Hacho(Edge length) 28.5cm
A little curvature
Moto-haba(Width at Ha-machi)approx.2.66cm
Kasane (Thickness) approx. 0.79cm
Engraving:"Bo-hi" kaki-nagashi on the both sides

Gold foil double Habaki / Shirasaya

Tokubetsu-Hozon by NBTHK
(previous name of Shinano daijo Tadakuni)

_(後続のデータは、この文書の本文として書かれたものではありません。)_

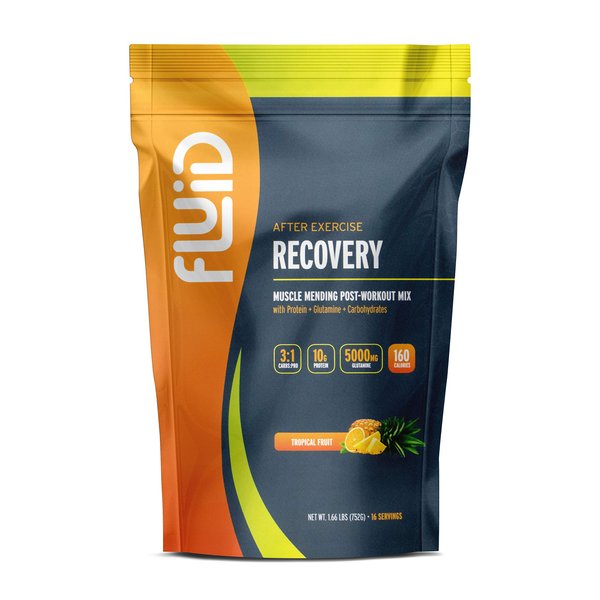 Fluid Recovery, Post-Workout Drink Mix, Whey Isolate Protein, L-Glutamine, Carbs, All Natural Ingredients, Gluten-Free, Lactose-Free (Tropical Fruit)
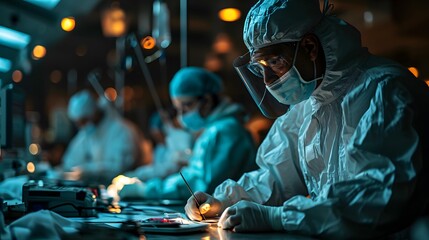 surgeon performing robotic surgery with robotic device. Medical operation involving robot. Operating room, medical surgical robot, cancerous tumor removal surgery. - obrazy, fototapety, plakaty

 因幡国鳥取藩工信濃大掾忠国は、京堀川國廣の高弟出羽大掾國路の門人。『古今鍛冶備考』に拠れば、初め「”国”勝と打ち中頃刻”国”に改め」とあり、国勝から刻国(ときくに)に改銘したとされていた。ところが近年「正 藤原朝臣”圀”勝」と刻銘された刀が発見され(注)、初銘は国勝ではなく圀勝と判明。更に表題の短刀は刻国ではなく「刻圀」であり、圀勝‐刻圀‐刻国‐忠国と改銘された事がわかる。
 この短刀は、差表を平造にし、差裏の棟よりに鎬筋を立てた特異な造り込みで、元先の重ねを頗る厚く、反りを浅く仕立ててふくらを枯らせ、刺突と截断両方に適応させた恐るべき構造。板目鍛えの地鉄は、差表の刃寄りに柾を配し、差裏には杢目を交えて強く錬れ、小粒の地沸が厚く付いて沸映りが立つ中に地景が働く、弾力味と活力に満ちた出羽大掾國路宛らの肌合い。腰刃風の焼き込みから始まる中直刃の刃文は、純白の小沸で刃縁の光が強く、刃境に小形の湯走りと金線が微かに掛かり、刃中も匂で明るく冴える。帽子は焼が深く、横に展開して浅く返る。茎は國路と同様に先細く尖った栗尻で、飄逸味のある銘字が刻されている。小品ながら出来の優れた、刀工の未知の事実を伝える貴重な新資料である。

注…飯田俊久先生「資料紹介 審査の現場から 信濃大掾忠国の初期作と目される国勝の刀」(『刀剣美術』五四八号)参照。